◆ Task prompt
The output should be exactly the lines from the one containing "Banyan Camp Hambegamuwa photo 2" through the last line of the records, and only those.

◆ Data for this task
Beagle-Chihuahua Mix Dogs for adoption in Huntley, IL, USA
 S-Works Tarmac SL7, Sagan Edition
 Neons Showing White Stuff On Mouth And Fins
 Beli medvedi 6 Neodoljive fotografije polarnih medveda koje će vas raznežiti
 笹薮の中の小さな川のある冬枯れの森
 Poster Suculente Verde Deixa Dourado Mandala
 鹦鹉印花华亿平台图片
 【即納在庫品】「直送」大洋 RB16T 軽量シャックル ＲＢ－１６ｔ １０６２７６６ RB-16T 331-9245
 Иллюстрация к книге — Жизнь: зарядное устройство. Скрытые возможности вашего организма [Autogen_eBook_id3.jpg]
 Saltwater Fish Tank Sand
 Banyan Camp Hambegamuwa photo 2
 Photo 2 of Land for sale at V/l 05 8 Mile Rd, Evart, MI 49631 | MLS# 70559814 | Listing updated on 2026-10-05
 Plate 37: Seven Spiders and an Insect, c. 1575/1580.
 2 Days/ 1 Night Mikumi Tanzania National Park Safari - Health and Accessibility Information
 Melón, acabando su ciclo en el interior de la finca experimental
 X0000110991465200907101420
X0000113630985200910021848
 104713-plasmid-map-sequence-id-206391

◆ Reply
 Banyan Camp Hambegamuwa photo 2
 Photo 2 of Land for sale at V/l 05 8 Mile Rd, Evart, MI 49631 | MLS# 70559814 | Listing updated on 2026-10-05
 Plate 37: Seven Spiders and an Insect, c. 1575/1580.
 2 Days/ 1 Night Mikumi Tanzania National Park Safari - Health and Accessibility Information
 Melón, acabando su ciclo en el interior de la finca experimental
 X0000110991465200907101420
X0000113630985200910021848
 104713-plasmid-map-sequence-id-206391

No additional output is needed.